**Task instructions**:
Repeat the data that follows in full. Do not include the pictures.

Records contained in a dataset:
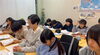 集中空間「5月英検に向けて講座・模試にチャレンジ中！幼児〜高校生が通う英語スクール」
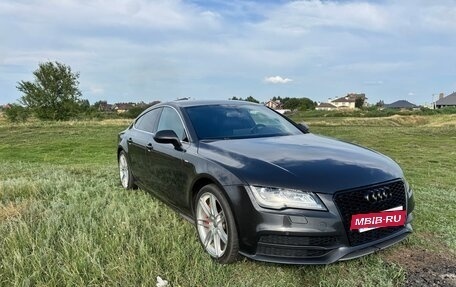 Audi A7, 2013 год, 2 200 000 рублей, 7 фотография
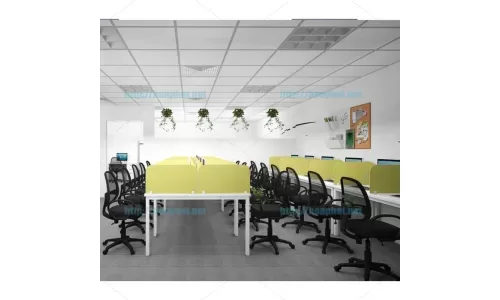 Bạn có biết : sự ảnh hưởng của ghế xoay nhân viên văn phòng đến sức khoẻ và hiệu suất làm việc ?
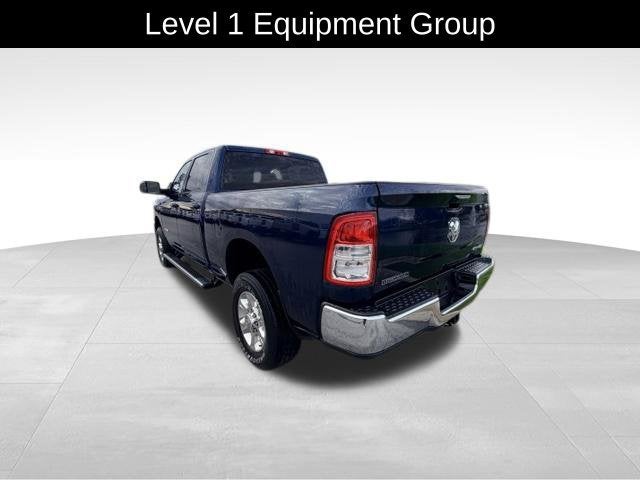 2020 RAM 2500 Big Horn Crew Cab 4x4 6'4" Box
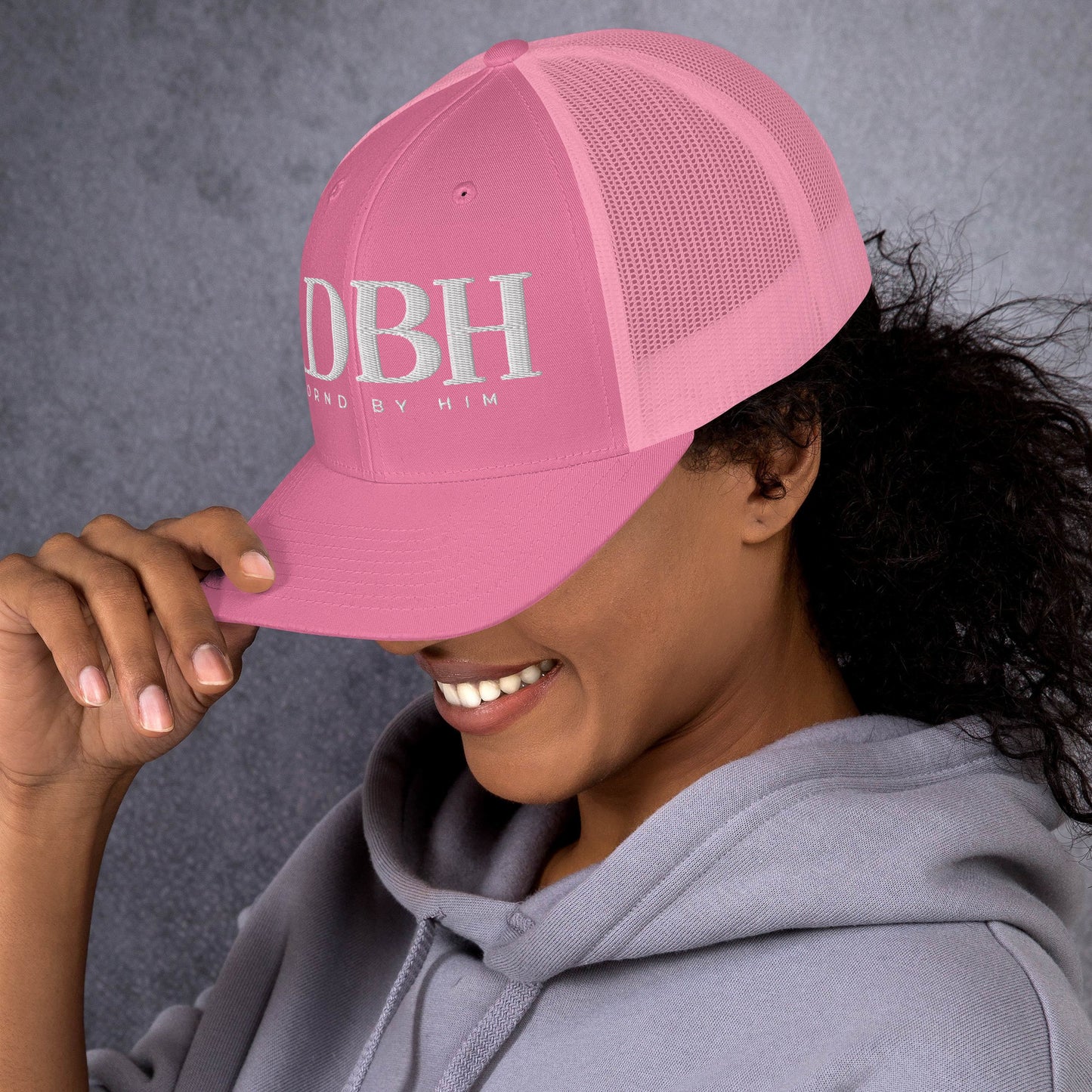 ADBH Trucker Cap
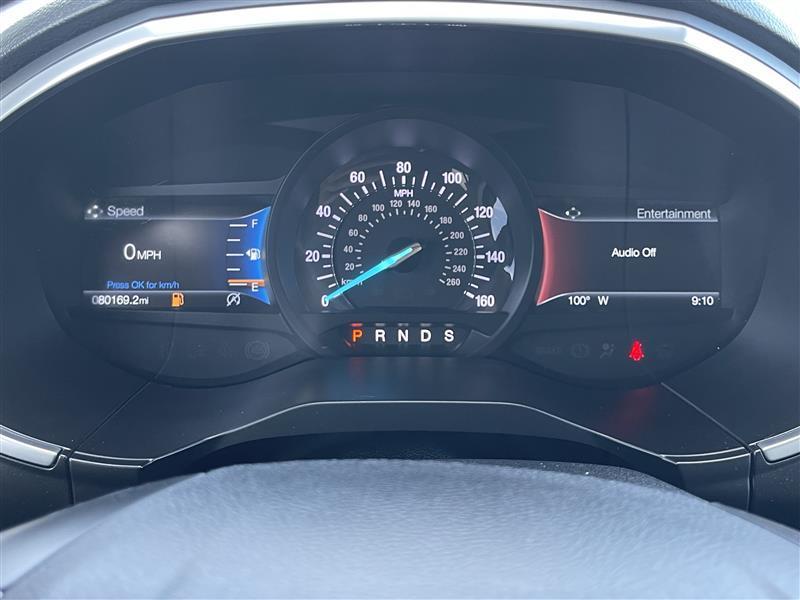 Ford Edge Titanium 2019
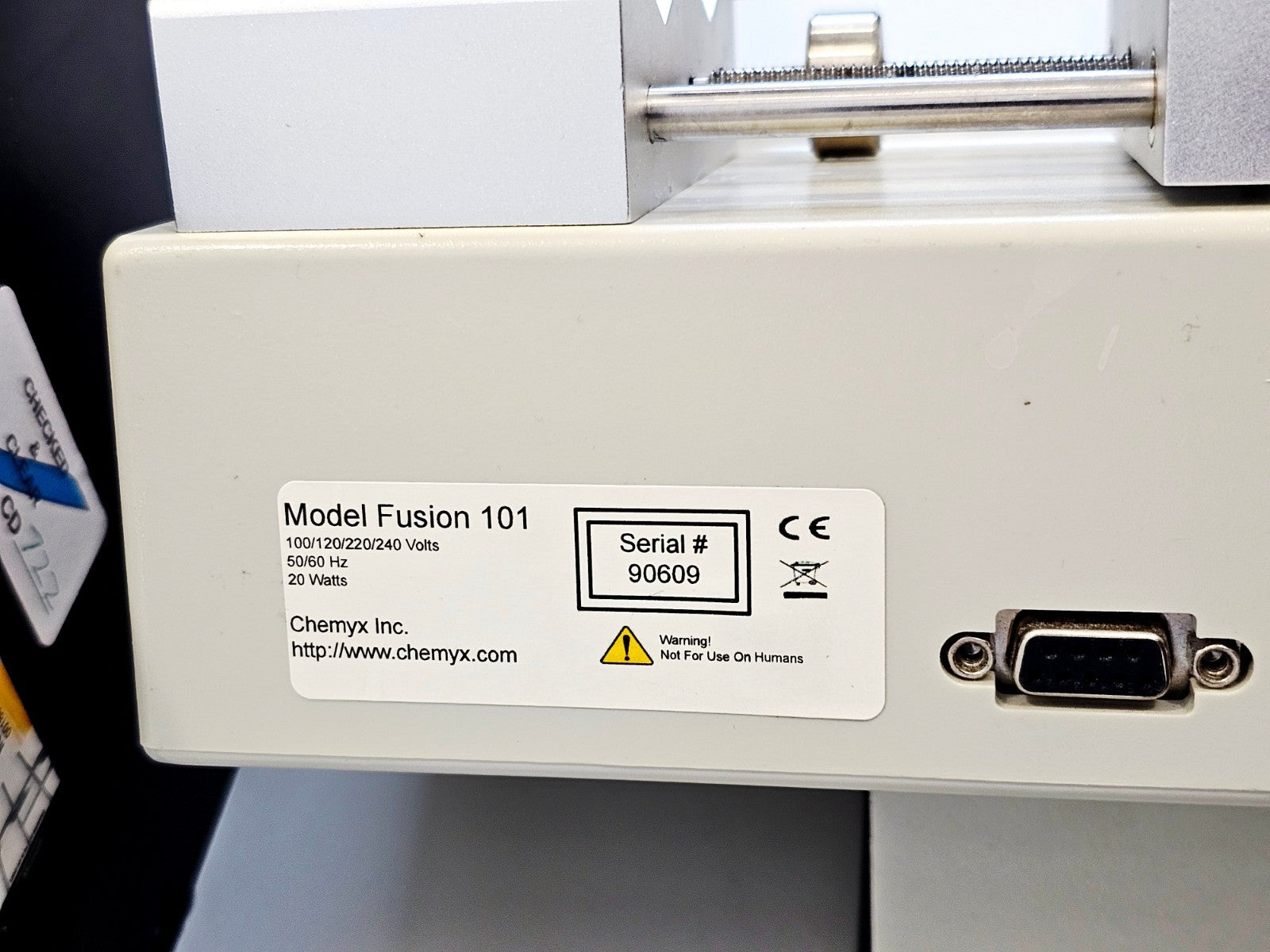 Thermo Scientific TSQ Endura Mass Spectrometer 2013 with PC and Software + HPLC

**Solved exercise**:
 集中空間「5月英検に向けて講座・模試にチャレンジ中！幼児〜高校生が通う英語スクール」
 Audi A7, 2013 год, 2 200 000 рублей, 7 фотография
 Bạn có biết : sự ảnh hưởng của ghế xoay nhân viên văn phòng đến sức khoẻ và hiệu suất làm việc ?
 2020 RAM 2500 Big Horn Crew Cab 4x4 6'4" Box
 ADBH Trucker Cap
 Ford Edge Titanium 2019
 Thermo Scientific TSQ Endura Mass Spectrometer 2013 with PC and Software + HPLC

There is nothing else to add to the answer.